Hello Ambassadors - This technical question may be relevant to multiple (particularly CJK) language communities so I'm asking it here.
What is the advice for writing a Lua script that needs to look up data from a big table (~10k rows at first deployment, potentially increasing in the future)? Does one hard-code the data into a Lua script, or is there a recommended data structure for storing those?
The design problem at hand is that the Cantonese Wikipedia wants to re-sort articles by Jyutping rather than Unicode. This will probably involve automating the generation of Jyutping phonetic guides by looking up the Jyutping transcription of common Chinese characters using a Lua module. Where do we store the data?
If another wiki has done similar things, we'd be interested in sharing the infrastructure.

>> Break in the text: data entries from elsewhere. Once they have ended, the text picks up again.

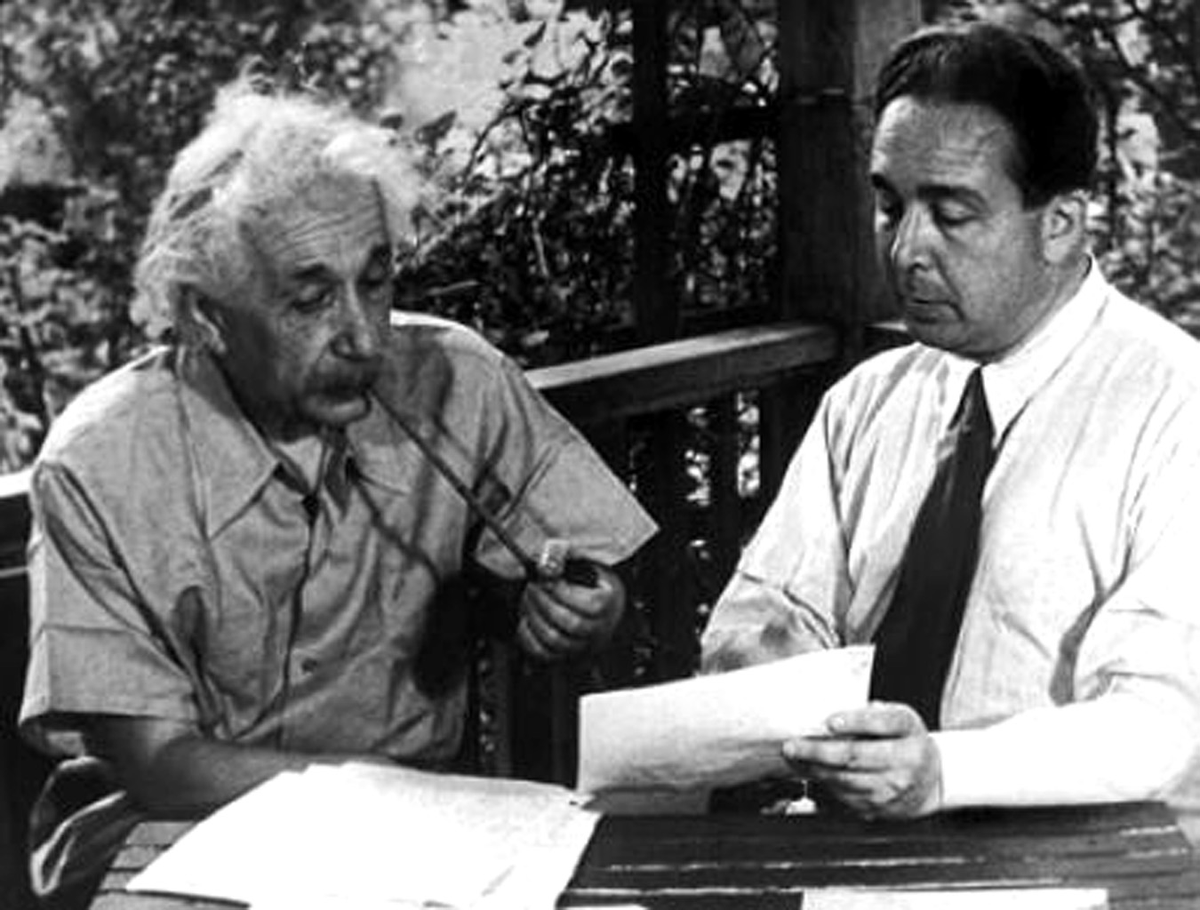 Albert Einstein abogó por el desarme y la lucha contra las armas nucleares, e instó al gobierno de Estados Unidos a desarrollar una bomba atómica ante la posibilidad de que los nazis hicieran lo mismo, por lo que se lo considera uno de los padres del Proyecto Manhattan. Albert Einstein abogó por el desarme y la lucha contra las armas nucleares, e instó al gobierno de Estados Unidos a desarrollar una bomba atómica ante la posibilidad de que los nazis hicieran lo mismo, por lo que se lo considera uno de los padres del Proyecto Manhattan.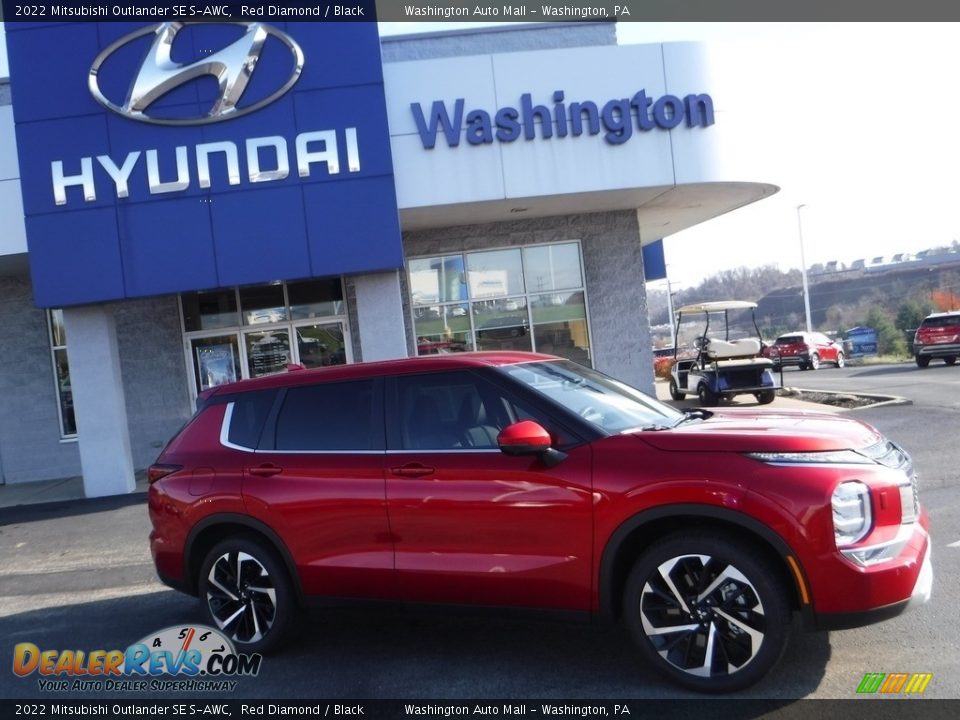 2022 Mitsubishi Outlander SE S-AWC Red Diamond / Black Photo #2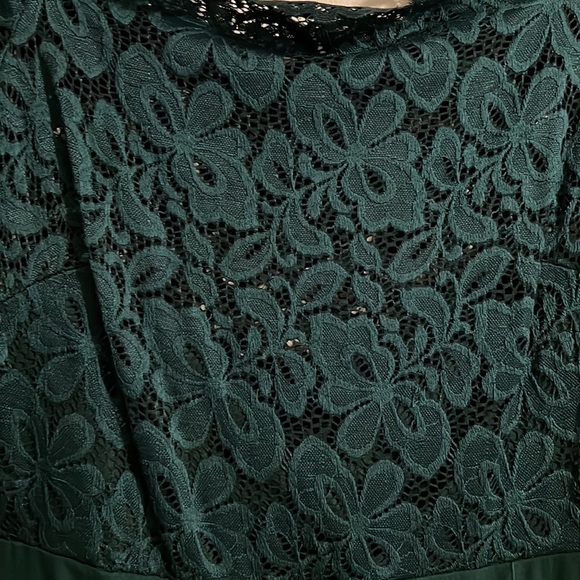 Lace top cocktail dress - Picture 4 of 5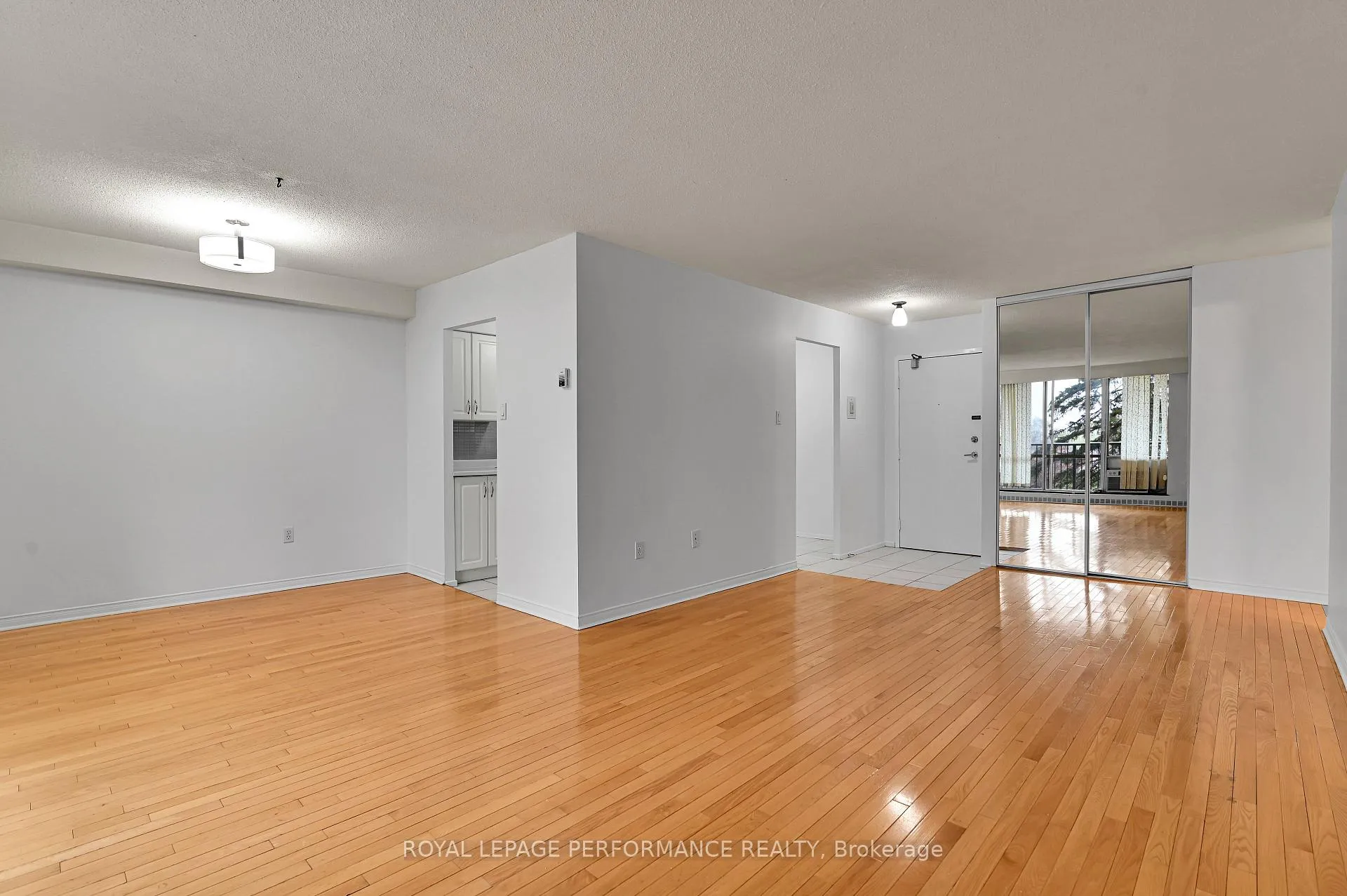 Photo 11 of Unit 307, 2400 Virginia Drive, Ottawa, Guildwood Estates - Urbandale Acres — HOMEH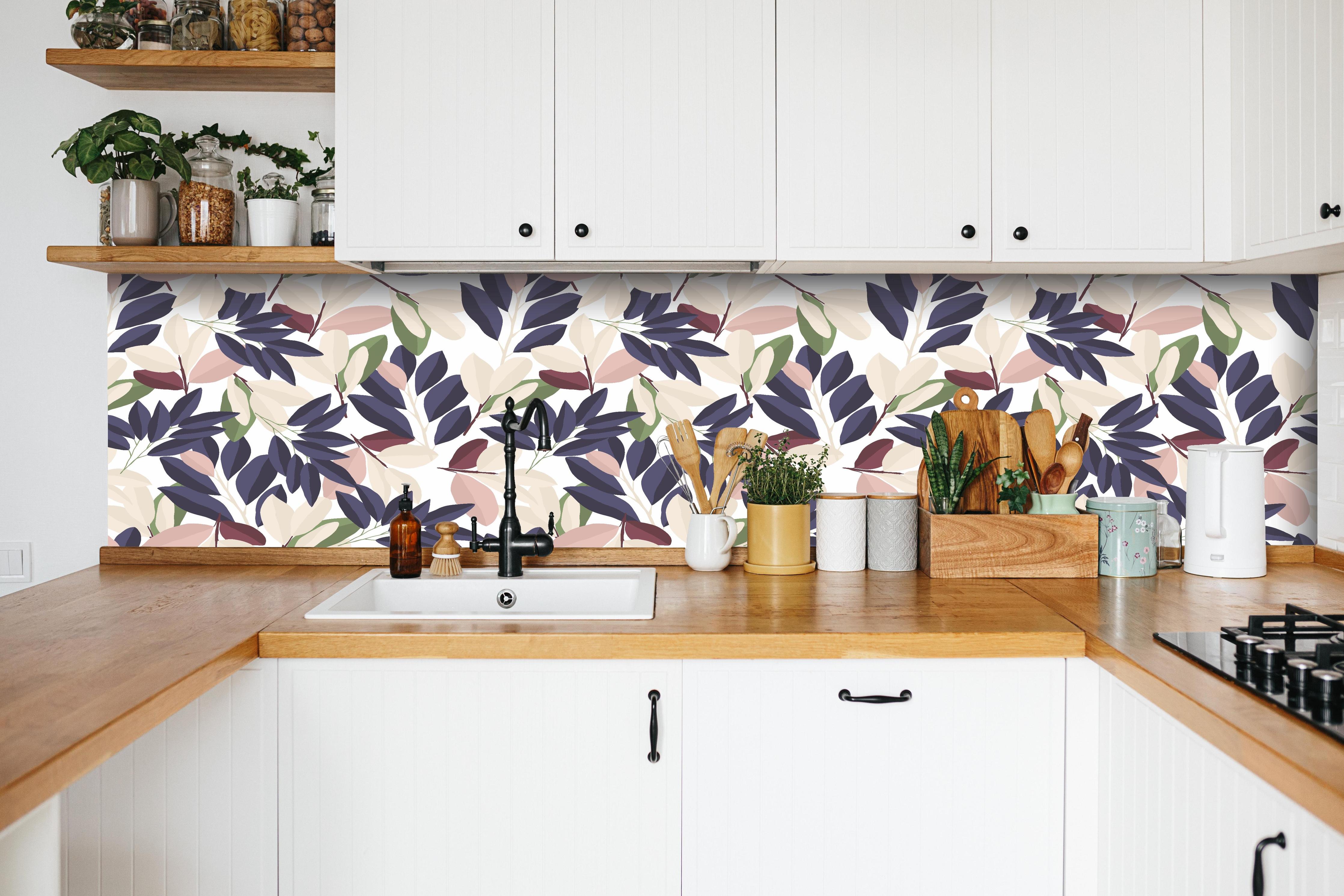 Küche - Florales Design in sanften Pastellnuancen hinter weißen Hochglanz-Küchenregalen und schwarzem Wasserhahn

Deryck On behalf of the Cantonese Wikipedia community
Consider using https://www.mediawiki.org/wiki/Extension:Scribunto/Lua_reference_manual#mw.l... , keeping in mind that lua isn't really made with the usecase of huge data tables in mind, so there might be limits you run into if your data is really big.
-- Bawolff
On Sun, Mar 15, 2020 at 2:13 PM Deryck Chan deryckchan@gmail.com wrote:
Hello Ambassadors - This technical question may be relevant to multiple (particularly CJK) language communities so I'm asking it here.
What is the advice for writing a Lua script that needs to look up data from a big table (~10k rows at first deployment, potentially increasing in the future)? Does one hard-code the data into a Lua script, or is there a recommended data structure for storing those?
The design problem at hand is that the Cantonese Wikipedia wants to re-sort articles by Jyutping rather than Unicode. This will probably involve automating the generation of Jyutping phonetic guides by looking up the Jyutping transcription of common Chinese characters using a Lua module. Where do we store the data?
If another wiki has done similar things, we'd be interested in sharing the infrastructure.
Deryck On behalf of the Cantonese Wikipedia community
Wikitech-ambassadors mailing list Wikitech-ambassadors@lists.wikimedia.org https://lists.wikimedia.org/mailman/listinfo/wikitech-ambassadors
Deryck,
I am not sure what you mean by "re-sort" articles, but if what you means is that categories should be sorted differently, then I don't think Lua is the answer, and it would need to be handled on the back end.
In general, also, I think that for a problem like yours, Lua is not the right answer. I would recommend investing the time to create a MediaWiki extension instead, and then work through the WMF processes to have it enabled on Cantonese Wikipedia (and possibly, the entire family of Cantonese WMF wikis).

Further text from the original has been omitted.